Interior and Exterior decoration
The interior chamber of Taj Mahal steps far beyond traditional decorative elements. Here the inlay work is not pietra dura, but lapidary of precious and semiprecious gemstones. The inner chamber is an octagon with the design allowing for entry from each face, though, only the south garden-facing door is used. The interior walls are about 25 metre high and topped by a "false" interior dome decorated with a sun motif. Eight pishtaq arches define the space at ground level. As with the exterior, each lower pishtaq is crowned by a second pishtaq about midway up the wall. The four central upper arches form balconies or viewing areas and each balcony's exterior window has an intricate screen or jali cut from marble. In addition to the light from the balcony screens, light enters through roof openings covered by chattris at the corners. Each chamber wall has been highly decorated with dado bas relief, intricate lapidary inlay and refined calligraphy panels, reflecting in miniature detail of the design elements seen throughout the exterior of the complex. The octagonal marble screen or jali which borders the cenotaphs is made from eight marble panels. Each panel has been carved through with intricate piercework. The remaining surfaces have been inlaid with semiprecious stones in extremely delicate detail, forming twining vines, fruits and flowers.

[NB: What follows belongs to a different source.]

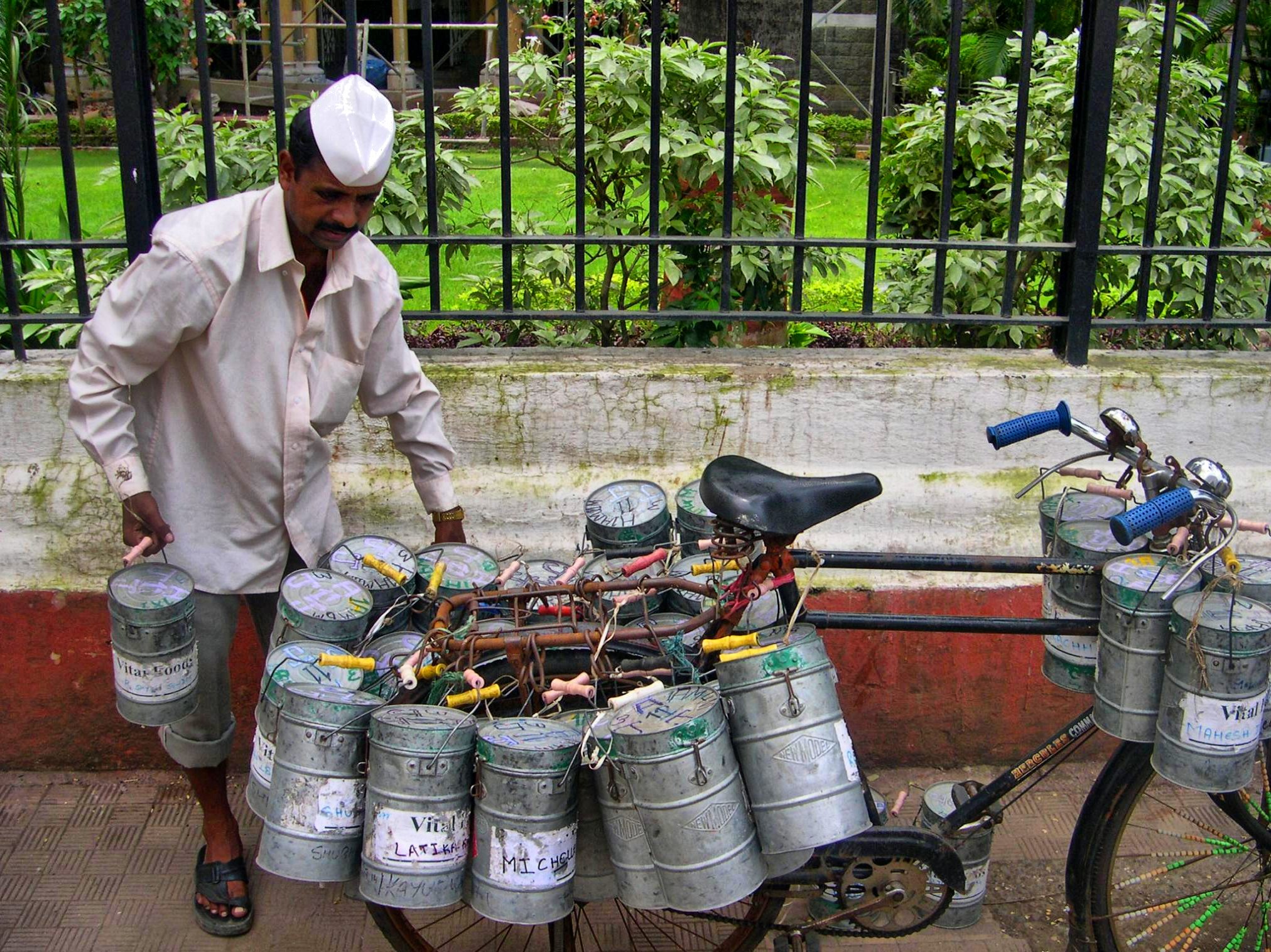 Mumbai’s Dabbawalas Are Not a Cute Management Fable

Muslim tradition forbids elaborate decoration of graves and hence Mumtaz and Shah Jahan are laid in a relatively plain crypt beneath the inner chamber with faces turned right and towards Mecca. Mumtaz Mahal's cenotaph is placed at the precise center of the inner chamber with a rectangular marble base of 1.5 metre by 2.5 metre. Both the base and casket are elaborately inlaid with precious and semiprecious ems.

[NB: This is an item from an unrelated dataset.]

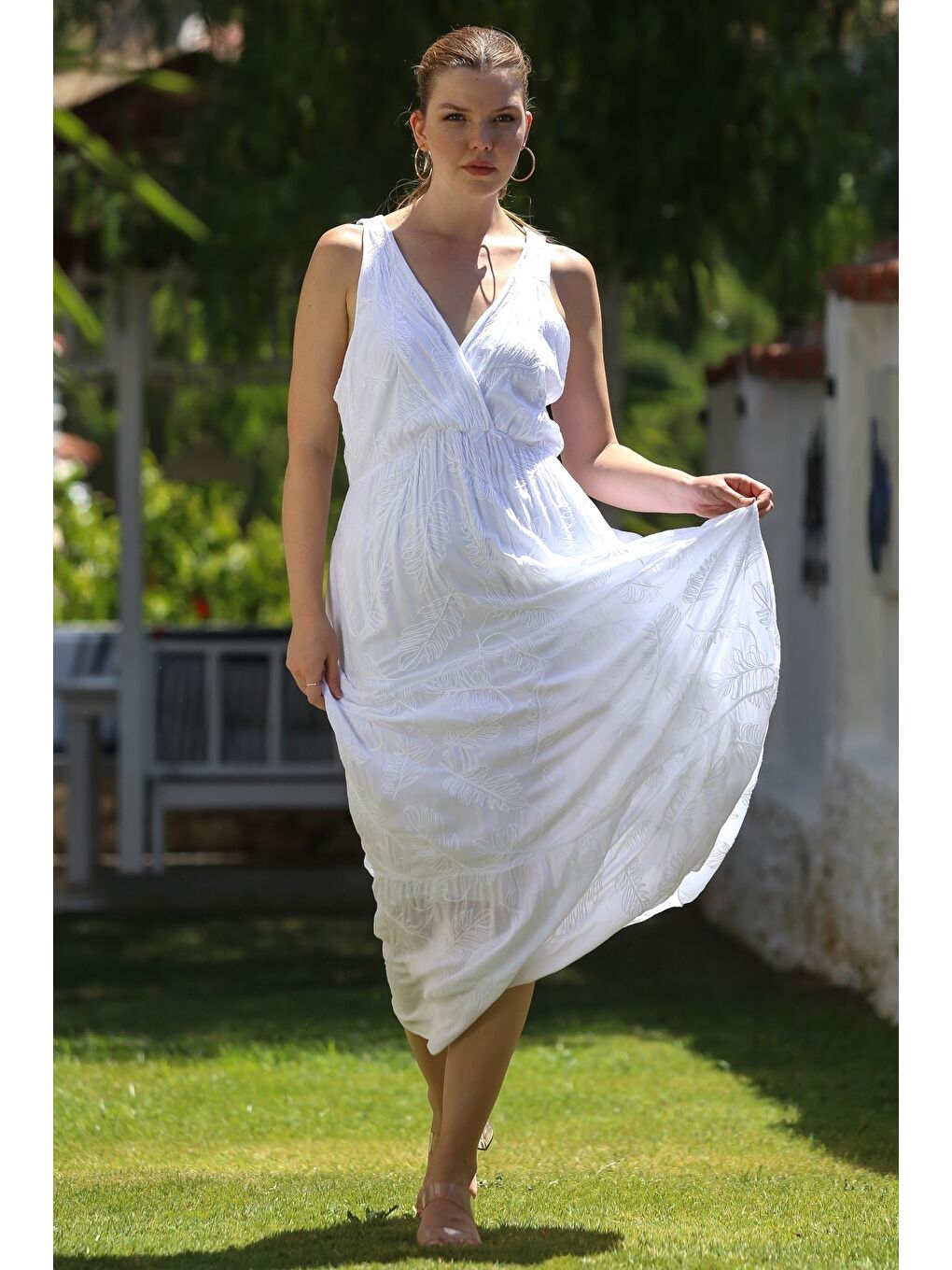 İtalyan Beyaz Kruvaze Yaka Kolsuz Astarlı Allover Nakışlı Casual Dokuma Elbise 130 58-4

Calligraphic inscriptions on the casket identify and praise Mumtaz. On the lid of the casket is a raised rectangular lozenge meant to suggest a writing tablet. Shah Jahan's cenotaph is beside Mumtaz's to the western side. It is the only visible asymmetric element in the entire complex. His cenotaph is bigger than his wife's, but reflects the same elements: A larger casket on slightly taller base, again decorated with astonishing precision with lapidary and calligraphy that identifies Shah Jahan. On the lid of this casket is a traditional sculpture of a small pen box. The pen box and writing tablet were traditional Mughal funerary icons decorating men's and women's caskets respectively. Ninety Nine Names of God are to be found as calligraphic inscriptions on the sides of the actual tomb of Mumtaz Mahal, in the crypt including "O Noble, O Magnificent, O Majestic, O Unique, O Eternal, O Glorious... ". The tomb of Shah Jahan bears a calligraphic inscription that reads; "He traveled from this world to the banquet-hall of Eternity on the night of the twenty-sixth of the month of Rajab, in the year 1076 Hijri."